La feuille de route prévoit également des incitations pour les entreprises et innovateurs qui adoptent les technologies d’IA, dans le but de favoriser une économie numérique dynamique et d’encourager le développement technologique local. Elle met aussi l’accent sur la conception de systèmes d’IA éthiques et centrés sur l’humain, respectueux des droits fondamentaux tout en soutenant une croissance inclusive.
Cette stratégie s’inscrit dans le cadre plus large des ambitions de transformation numérique des autorités zimbabwéennes. À travers le « Plan directeur Smart Zimbabwe 2030 », le gouvernement souhaite intégrer pleinement les TIC dans l’ensemble de la société et dans tous les secteurs de l’économie afin de favoriser un développement socio-économique rapide et durable.
Le plan cite notamment une étude de l’Union internationale des télécommunications (UIT) indiquant qu’une augmentation de 10 % du score de numérisation d’un pays entraîne une hausse de 0,75 % de son PIB par habitant. Pour l’heure, le Zimbabwe occupe la 149ᵉ place sur 193 pays dans l’Indice de développement de l’e-gouvernement des Nations unies (EGDI) 2024, avec un score de 0,4481 sur 1, inférieur à la moyenne mondiale de 0,6382.
Quelques défis à prendre en compte
Comme toute technologie, l’intelligence artificielle comporte néanmoins des risques. Le président Mnangagwa a par exemple appelé au renforcement des lois et des cadres réglementaires afin de protéger les enfants et les citoyens dans l’espace numérique, à mesure que les technologies d’IA continuent de se développer.
L’UNESCO, qui a contribué à l’élaboration de la stratégie, a également évalué l’état de préparation du pays à l’IA. Dans un rapport publié en juillet 2025, l’organisation souligne que la stratégie doit être accompagnée d’un plan visant à gérer les principaux défis et risques liés à cette technologie.
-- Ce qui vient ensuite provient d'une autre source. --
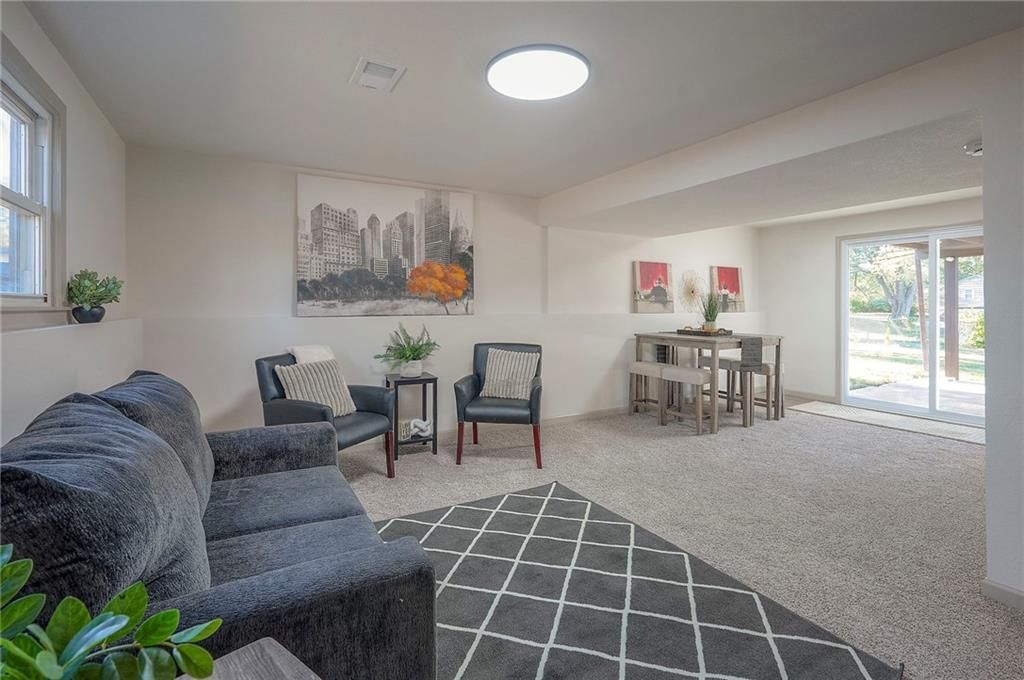 Photo 27 of 37 - 6010 E 151st Street
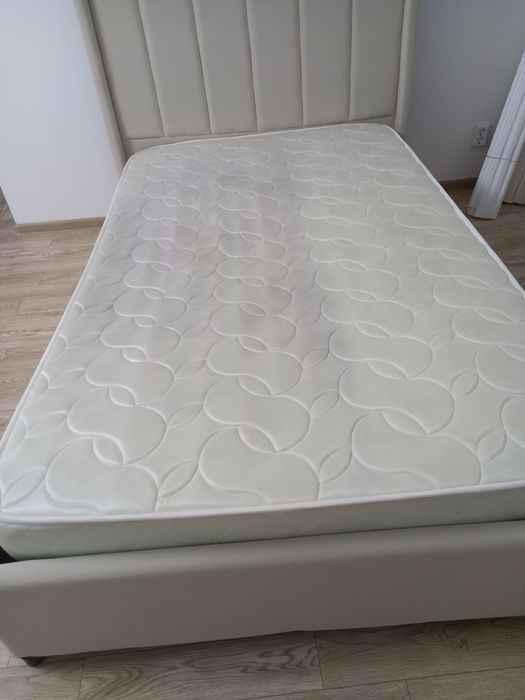 Кровать двухместный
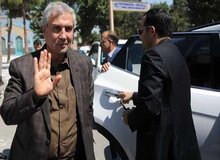کیف زنانه در دستان علی ربیعی+ عکس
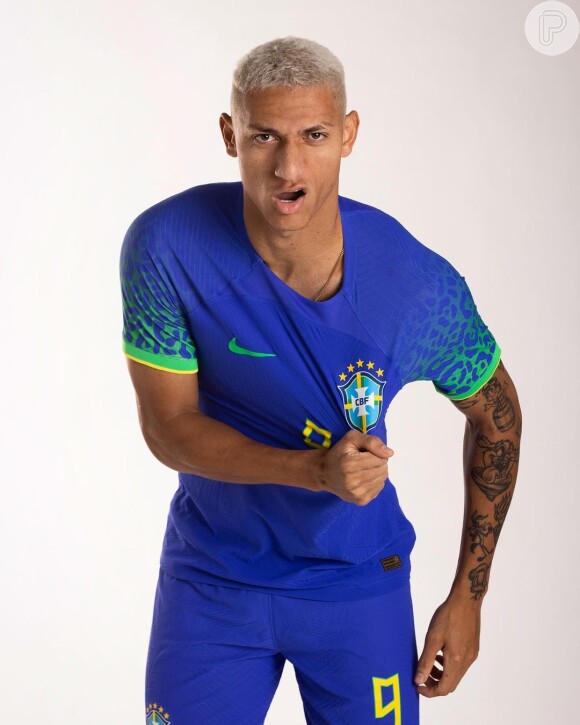 Camisa nove da seleção brasileira, Richarlison revelou que ficaria com Anitta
Ceux-ci incluent notamment la domination étrangère, la perte d’autonomie humaine, ainsi que les limites en matière de financement, d’infrastructures techniques et de capacités de recherche. Ces difficultés sont aggravées par l’émigration de talents hautement qualifiés.
Le Département des affaires économiques et sociales (DAES) des Nations unies reconnaît également le potentiel de l’IA pour soutenir le développement socio-économique, notamment dans son rapport « E-Government Survey 2024 ». Il met toutefois en garde contre certains risques, comme les biais dans les données, susceptibles d’entraîner une mauvaise représentation de certains groupes, ainsi que diverses préoccupations éthiques, sécuritaires et sociales.
Le DAES estime par ailleurs que la fracture numérique persistante constitue un défi majeur pour la mise en œuvre des technologies d’IA dans le secteur public, en particulier dans les pays à revenu faible ou intermédiaire.
Au Zimbabwe, 58,4 % de la population n’utilisait pas Internet en 2024, selon les données de l’UIT. Cette situation peut s’expliquer par plusieurs facteurs, notamment la disponibilité du réseau télécoms, l’accessibilité d’appareils compatibles (ordinateurs, smartphones, tablettes) et le niveau de compétences numériques.